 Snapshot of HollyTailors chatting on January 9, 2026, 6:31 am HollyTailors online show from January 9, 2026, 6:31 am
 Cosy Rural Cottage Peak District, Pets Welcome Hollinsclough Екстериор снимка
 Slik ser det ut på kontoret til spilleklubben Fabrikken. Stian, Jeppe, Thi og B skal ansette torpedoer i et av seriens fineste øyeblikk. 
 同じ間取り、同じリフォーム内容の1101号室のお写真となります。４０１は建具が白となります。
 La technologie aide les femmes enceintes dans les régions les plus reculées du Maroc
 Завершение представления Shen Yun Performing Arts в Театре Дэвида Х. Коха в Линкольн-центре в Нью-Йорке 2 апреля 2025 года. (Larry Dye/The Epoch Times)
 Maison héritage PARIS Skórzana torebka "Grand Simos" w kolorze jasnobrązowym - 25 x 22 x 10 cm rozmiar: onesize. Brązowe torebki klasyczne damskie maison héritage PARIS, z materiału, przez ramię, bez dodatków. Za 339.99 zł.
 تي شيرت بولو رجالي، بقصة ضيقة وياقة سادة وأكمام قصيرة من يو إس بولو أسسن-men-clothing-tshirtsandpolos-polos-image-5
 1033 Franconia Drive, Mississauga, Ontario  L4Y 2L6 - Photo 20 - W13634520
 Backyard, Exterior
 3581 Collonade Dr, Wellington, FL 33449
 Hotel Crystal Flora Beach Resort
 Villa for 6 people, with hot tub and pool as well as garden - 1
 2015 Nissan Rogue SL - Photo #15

********

> YOUR ASSIGNMENT: Look through the entries above; find each line with the word "Photo" and copy it.

> TASK OUTPUT:
 1033 Franconia Drive, Mississauga, Ontario  L4Y 2L6 - Photo 20 - W13634520
 2015 Nissan Rogue SL - Photo #15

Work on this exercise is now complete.